▶ GOAL OF THE EXERCISE
Only the lines from the one that contains "Wooden parchment and brass bed, 1940s 8" through the last line of the data below should be duplicated, exactly and without pictures.

Image-text web data:
Start of Block

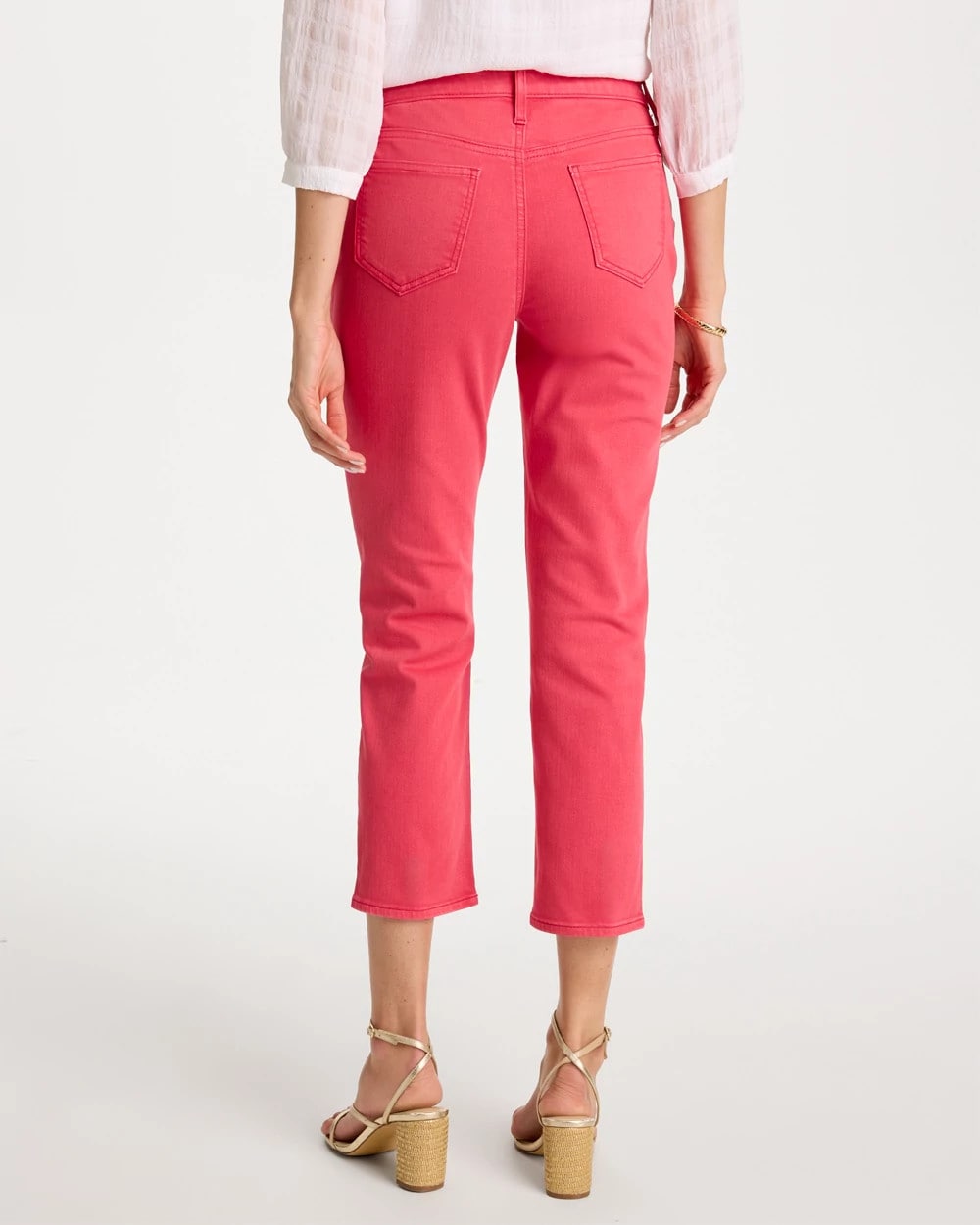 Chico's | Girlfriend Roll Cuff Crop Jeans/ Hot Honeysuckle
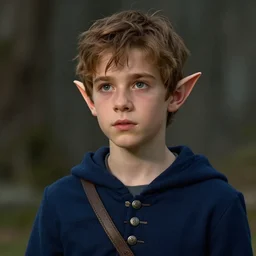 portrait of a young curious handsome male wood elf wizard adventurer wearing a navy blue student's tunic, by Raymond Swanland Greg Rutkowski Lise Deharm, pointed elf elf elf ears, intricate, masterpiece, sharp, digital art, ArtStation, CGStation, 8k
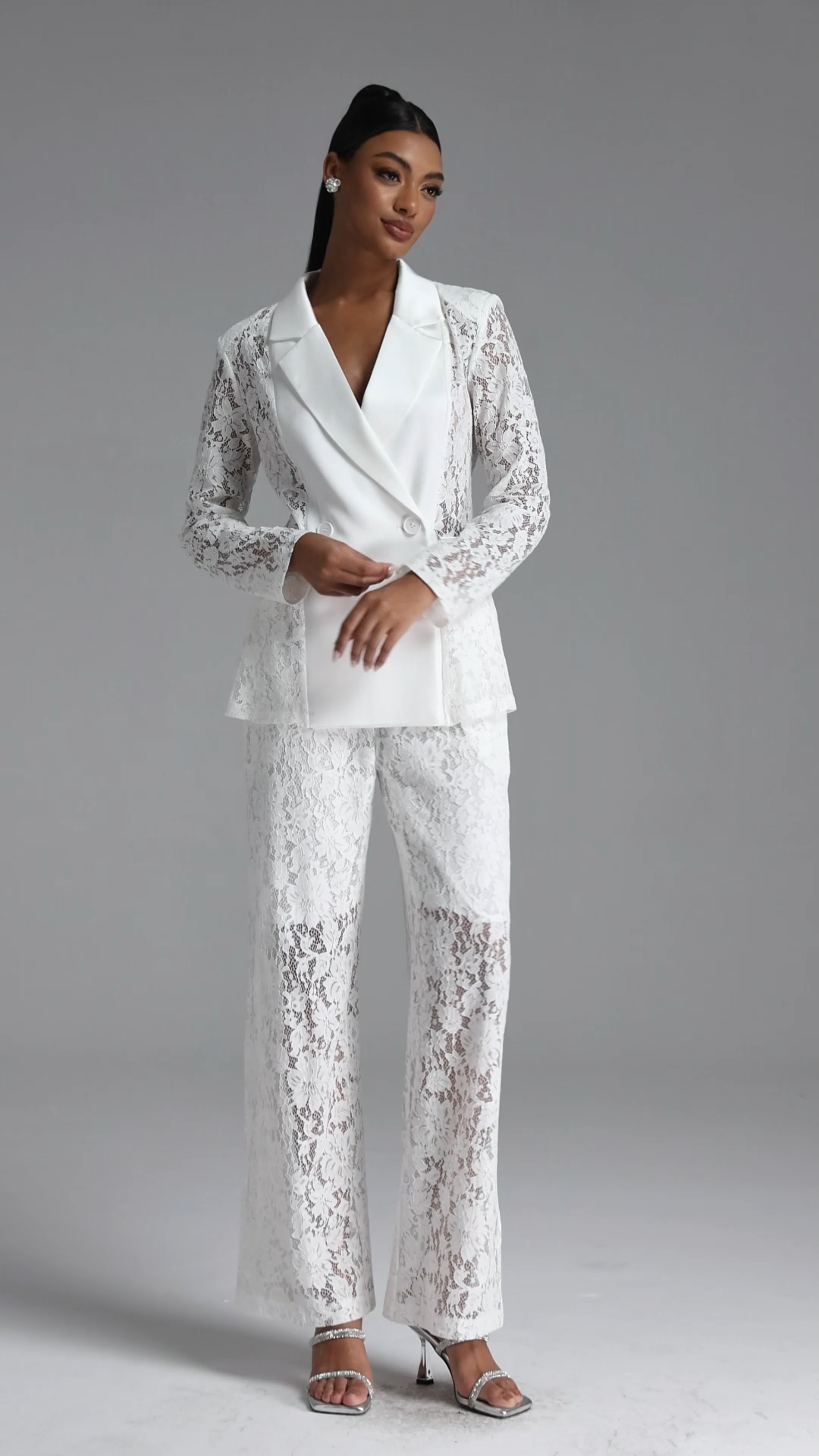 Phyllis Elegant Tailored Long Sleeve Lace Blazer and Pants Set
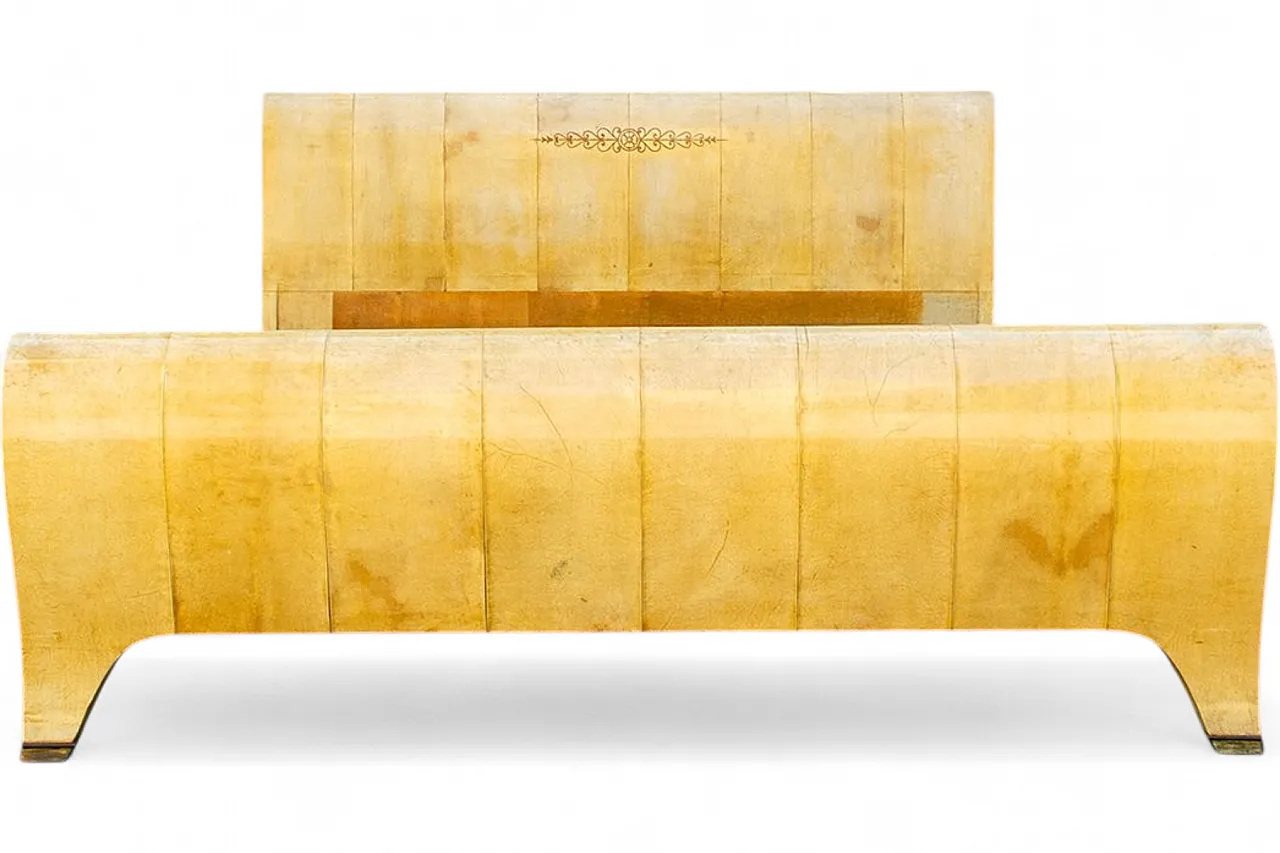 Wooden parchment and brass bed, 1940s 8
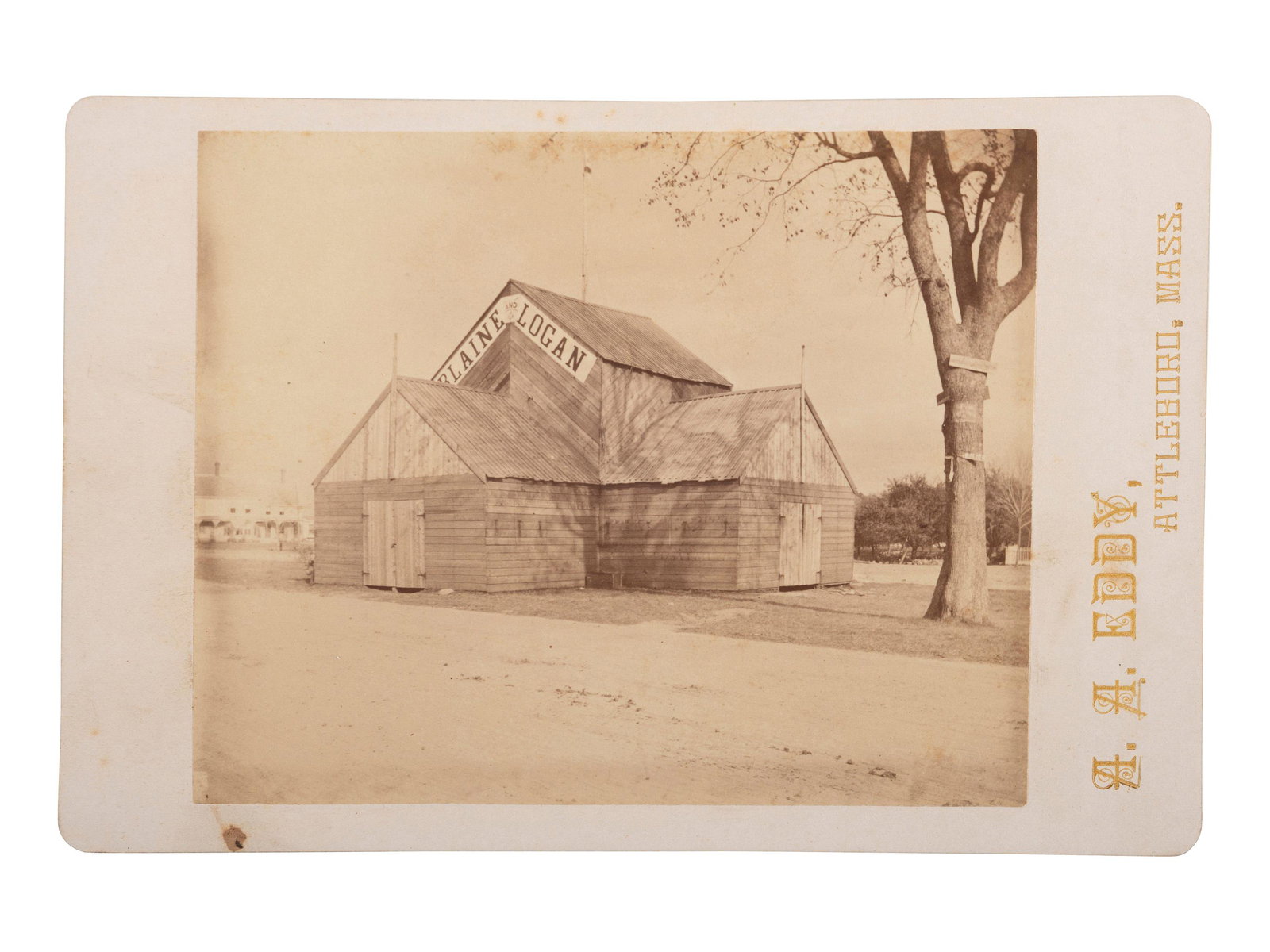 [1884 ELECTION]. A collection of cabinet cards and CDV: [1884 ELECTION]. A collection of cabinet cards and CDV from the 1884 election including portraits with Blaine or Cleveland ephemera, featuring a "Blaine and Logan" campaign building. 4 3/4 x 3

End of Block

▶ OUTPUT
 Wooden parchment and brass bed, 1940s 8
 [1884 ELECTION]. A collection of cabinet cards and CDV: [1884 ELECTION]. A collection of cabinet cards and CDV from the 1884 election including portraits with Blaine or Cleveland ephemera, featuring a "Blaine and Logan" campaign building. 4 3/4 x 3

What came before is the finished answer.